Fig. 7. A CNOT4-ZNF598 axis regulates quality control of stalled translation and stress response.

a Immunoblots showing levels of ZNF598 in HEK293T cells with or without CNOT4 transfection. b, c Analysis of ubiquitination status of endogenous ZNF598 immunoprecipitated under denaturing condition from CNOT4-deficient HEK293T cells transfected with HA-Ub-K63 (b) or CNOT4 overexpressing HEK293T cells transfected with HA-Ub-K63 or HA-Ub-K63R (c). d Immunoblots showing effect of CNOT4 OE and CNOT4 knockdown on the level of FLAG-tagged GR80 expressed in fly muscle. e Immunoblots showing effect of CNOT4 OE on GFP-FLAG-K20-mCherry reporter expression. f Immunoblots showing effect of CNOT4 OE on GFP-FLAG-K20-mCherry reporter expression in ZNF598 KO HEK293T cells. g Immunoblots showing effect of CNOT4 knockdown on GFP-FLAG-K20-mCherry reporter expression in ZNF598 overexpressing HEK293T cells. h Immunoblots showing effect of CNOT4 OE on GFP-FLAG-K20-mCherry reporter expression in ZNF598 overexpressing HEK293T cells. i Immunoblots showing reduced ZNF598-KR ubiquitination by Ub-K63 when compared with ZNF598 WT. j Immunoblots showing effect of CNOT4 OE on GFP-FLAG-K20-mCherry reporter expression in HEK293T cell overexpressing ZNF598 WT or ZNF598-KR. Cell viability measurement using CCK8 assay in HEK293T cells transfected with siRNA targeting ZNF598 and plasmid overexpressing CNOT4 for 48 h (k) or plasmid overexpressing ZNF598 or CNOT4 for 24 h (l).

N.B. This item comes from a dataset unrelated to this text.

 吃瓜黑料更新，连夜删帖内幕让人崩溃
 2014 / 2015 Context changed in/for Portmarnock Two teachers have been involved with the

Cells were treated with 20 μM CCCP (24 h). m Immunoblots showing effect of ZNF598 WT and ZNF598 KR on GFP-FLAG-K20-mCherry reporter expression in CNOT4 overexpressing cells with endogenous ZNF598 knocked down. n Effect of ZNF598 WT and ZNF598 KR on cell viability in CNOT4 overexpressing cells treated with CCCP and with endogenous ZNF598 knocked down. Data are representative of at least three biologically independent experiments (mean ± SD), n = 4 in (k, l), n = 3 in (n). Representative blot is from at least three independent experiments with similar results. p-values were calculated by one-way ANOVA (Tukey’s test). ns no significance. Source data are provided as a Source Data file.